Here, the greek letters ($\Gamma$, $\Delta$, K, etc.) on the x-axis indicate different directions of k relative to the crystal axes.

In addition to showing the effective mass at different band extrema, this also shows that the effective mass varies depending on the direction of conduction relative to the crystal orientation.

This type diagram also shows whether the material is a direct-gap or indirect-gap semiconductor. Direct gap is when the valence band maximum and conduction band minimum occur at the same location in k-space. This is important in optoelectronics because only direct gap materials (like GaAs, but not including silicon) have efficient radiative absorption and emission, which is what makes LEDs and laser diodes work.

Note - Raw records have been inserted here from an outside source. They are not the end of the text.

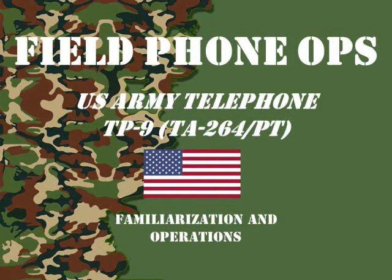Welcome to another episode of Field Phone Ops. Today we're going to discuss the U.S. Army Telephone TP-9, otherwise known as a TA-264-PT. So sit back and learn something.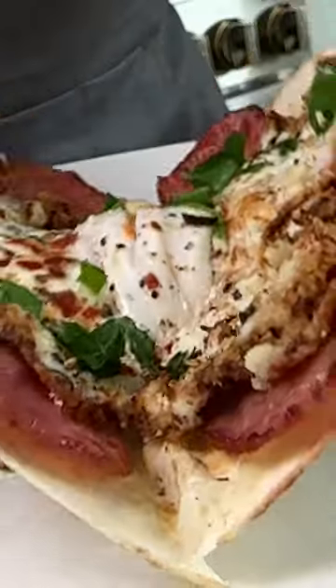You won't believe how fast and easy it is to make this feta fried egg wrap. With just a few simple steps, you'll have a delicious and nutritious start to your day.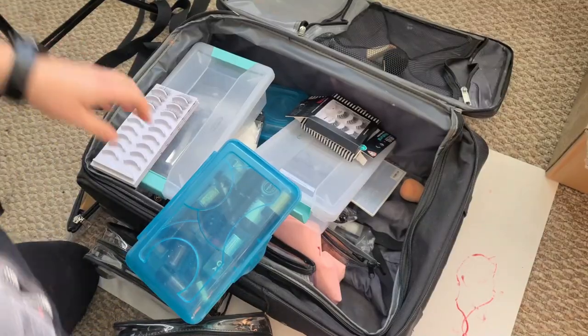Let's get into some decluttering of the rest of my roller board case and my kit. I already did an intro but I have makeup on, so I'm going to be doing the rest of my roller board today — getting my lashes, pigments, and just the odds and ends decluttered.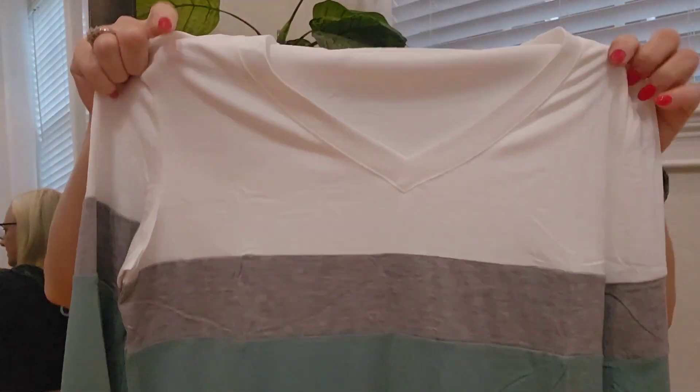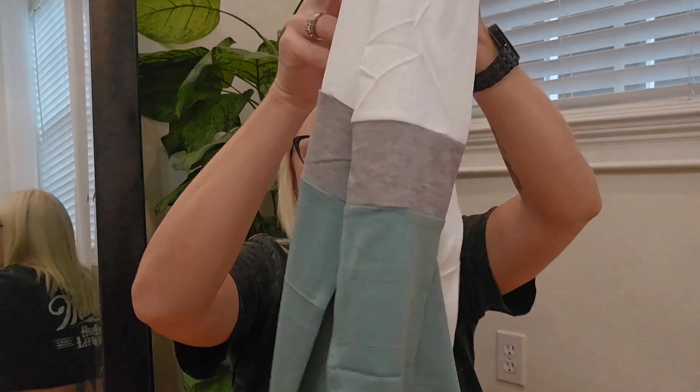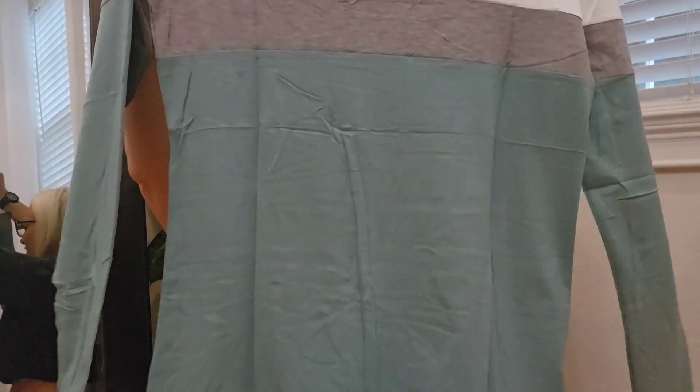This is a long sleeve, very stretchy shirt. It has a v-neck. I love this color blocking with this green — it's going to be perfect for fall. This is a size medium. Let me go try it on and see how it fits.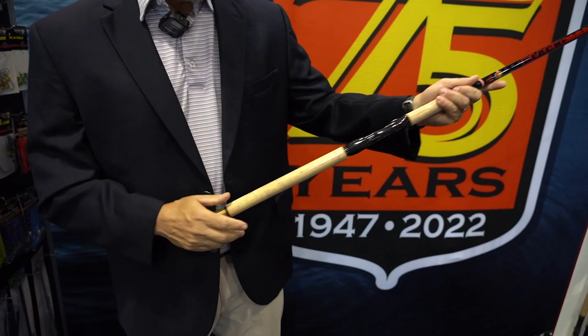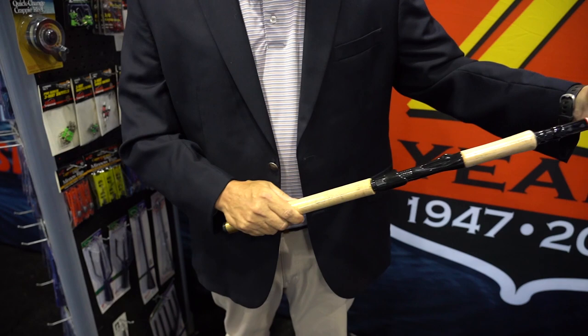This is a fantastic pole, well balanced — you can use it all day and it's strong enough to haul out the biggest of slabs. So B&M's 18-foot Black Diamond, come get you one.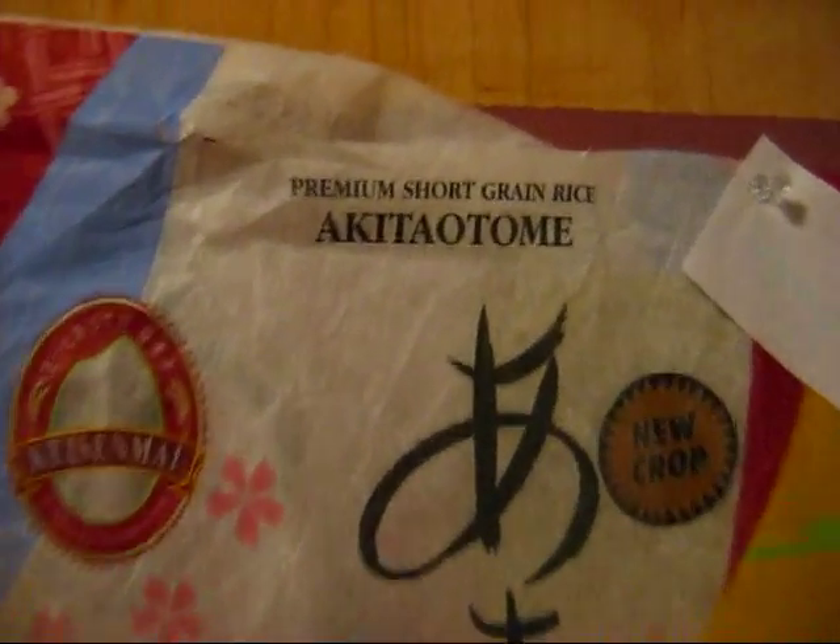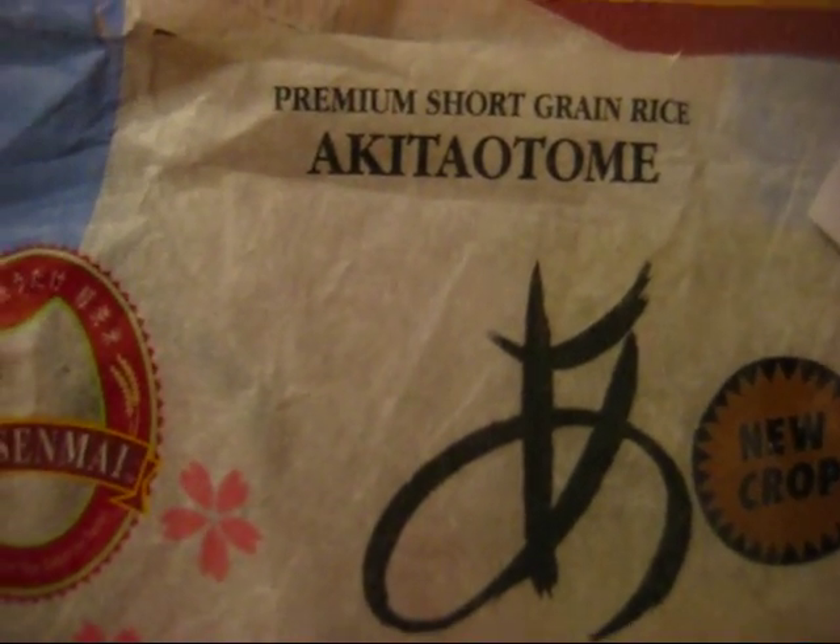I've been working on the sake for about a month so far if you include the koji. I've been using Akita Otome short grain sushi rice. I don't know how that'll turn out but hopefully it's good.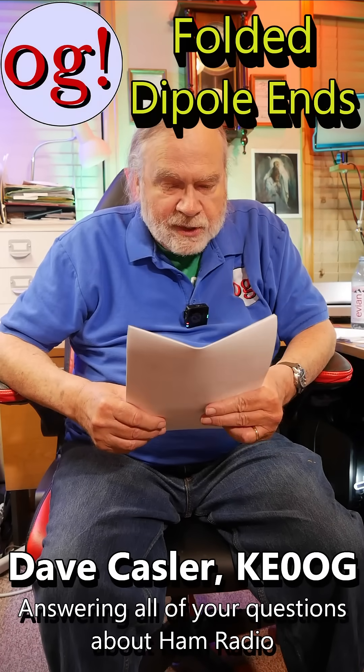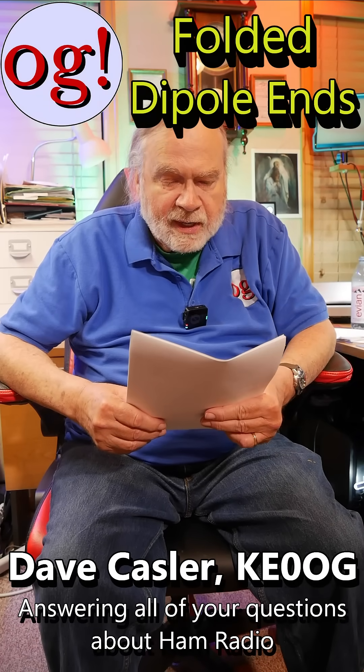I'm Ask Dave. This question is from JEMUSSI7842, who also identifies himself as James M7JZW. The question has come from the United Kingdom. He says: I'm confused about folded dipoles.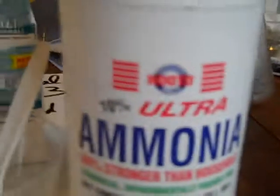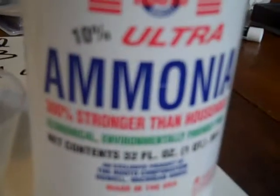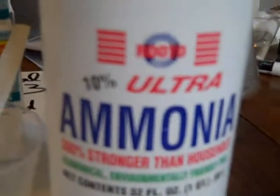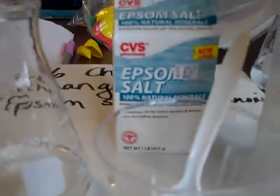Ammonia can be dangerous — it's a good cleaner and very environmentally friendly, but you have to watch the fumes. You must never use ammonia and bleach together; you will create a toxic gas that could kill you. Because of the ammonia, I'm going to put on some goggles.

• Just as a note - Si makes an excellent Photodiode material and it is a indirect bandgap material - so you may want to revisit your last sentence. How the indirect bandgap affect Si as a PD is that it has a wavelength dependance upon absorbtion depth. Good answer, I'll +1 later! Commented Sep 28, 2013 at 17:34

The E-k diagram is used to understand how a harmonic wave corresponding to one of the fundamental particles behaves in a supporting environment that is periodic, such as a semiconductor crystal (Si, GaAs, etc). This means that you can construct such a diagram for electrons, for photons, and phonons, to name the most popular. You can imagine that, as soon as the wavelength of the wave approaches the distance among the particles, then the wave will start to behave differently in trying to pass through the crystal. Some choices of particle wavelength will have an easier time, since it matches the crystal "wavelength", and other choices will produce interference.

It is a little like trying to run through a crowd of people, which gets difficult unless your step length matches the average gap between two persons, in which case you get through faster.

Since the crystal extends infinitely (idealisation!), and the wave too, you can "fold up" the picture, since a specific crystal position is no longer unique. This is the viewpoint shown above, you only need to plot the geometry of the wave around the unit cell of the crystal, but you have to make sure that the plot in the neighbouring cells is represented in your restricted view.

Now for the abstraction. The k-space is the Fourier transform of the real space. It is the spatial waveform, expressed in the wavelength of the crystal. So there are nice features that you can make use of, because a wave with a particular wavelength of course corresponds to a particular energy of the wave. And so on.